Businesses know they need to innovate. AI, cloud computing, and advanced data infrastructure are no longer optional for staying competitive.
Yet many are hesitating. Not because they do not see the value in recent technology, but they are afraid of what they might find if they look too closely at its environmental impact.
The concept of sustainability might have taken a few knocks in recent months, but there is still a global consensus that businesses need to do all they can to reduce their emissions count. It is an imperative driven not just by regulators, but also by a company’s customers, shareholders, and even its own employees.
However, recent surveys suggest a significant portion of business leaders are wary of fully measuring their tech stack emissions, fearing reputational damage and customer backlash.
The Wasabi 2025 Emissions Blindspots Report uncovered that as many as 45 percent of UK businesses feel they do not get full access to emissions data from their tech vendors. Also, almost half of UK businesses (47 percent) do not fully trust the quality and accuracy of the data they receive from tech vendors.

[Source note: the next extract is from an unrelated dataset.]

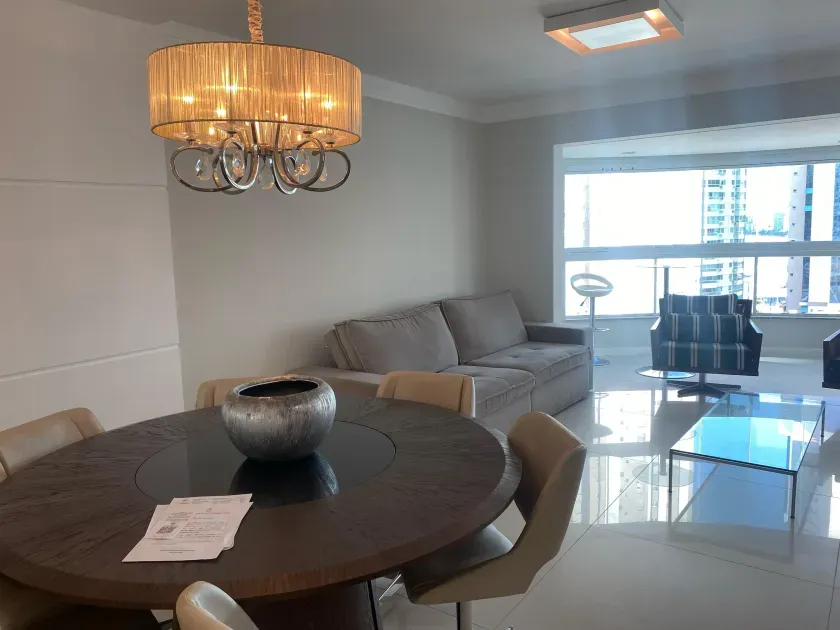 Apartamento mobiliado com 3 suítes e 2 vagas de garagem na Barra Norte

So, could it be that the uncertainty about emissions reporting is slowing down vital investment in new tools and infrastructure?
The problem of Scope 3 emissions
For years, companies have tracked carbon footprints, set net-zero targets, and touted green initiatives often driven by regulations from governments and intra-country organizations like the EU. When it comes to digital infrastructure, however, the picture becomes less clear.
The problem is Scope 3 emissions, which are the indirect emissions from a company’s suppliers, including cloud, software, and non-tech vendors. While these often make up the bulk of a company’s carbon footprint (on average, 75 percent depending on the sector), they are also the hardest to measure.
If a business migrates to the cloud, how much of that energy comes from renewables? If it trains an AI model, what is the real carbon cost? Many companies simply do not know at the moment. More worryingly, as our survey uncovered, many companies simply do not fully trust the data they are given.
This can create paralysis, with some companies avoiding auditing their tech emissions too closely as they are worried about what they will find. For other companies, they are wary of sharing the data for fear of a backlash, alienating their shareholders, and opening a door for tough questions to be asked.
For some, it may even mean that crucial investments are on hold as they decide which is the best route forward.
Why is this data so unreliable?
There are three main reasons why so many companies have issues with the data they recover from their providers. The first is perhaps the most important, and that is that technology vendors are not always transparent. Some providers still treat emissions data as a proprietary secret rather than a shared responsibility. Without full visibility into energy sources, efficiency metrics, and supply chain impacts, businesses are left guessing.
There is also an issue with reporting methods that are not consistent, as there is no universal standard. What works for one company might be confusing for another.
Finally, there is the issue of the inability of the companies themselves to accurately track and analyze data internally. They may lack the tools or the expertise, or it could even be that sustainability teams might calculate emissions one way, while IT departments use entirely different models.
This inconsistency breeds distrust, and when businesses cannot trust the numbers, they default to inaction.
Moving forward
If sustainability is becoming a bottleneck for innovation, then businesses need to take action. If a cloud provider cannot (or will not) disclose exact emissions per workload, that is a red flag. Procurement teams need to start asking tough questions, and when appropriate, walking away from vendors that will not answer them.
Businesses also need to unite to push for the development of a global measurement standard for carbon accounting. Until regulators or consortia enforce uniform reporting standards, companies will keep struggling to compare different measurements and metrics.
Finally, it is imperative that businesses rethink the way they see emissions reporting. Rather than it being a compliance burden, they need to grasp it as an opportunity. Get emissions tracking right, and companies can be upfront and authentic about their green credentials, which can reassure potential customers and ultimately generate new business opportunities.
Measuring environmental impact can be messy right now, but the alternative of sticking with outdated systems because new ones feel “too risky” is far worse.
The solution is more transparency, smarter tools, a collective push for accountability, and above all, working with the right partners that can deliver accurate emissions statistics. Companies that figure this out first will not just meet sustainability goals, they will outpace the competition.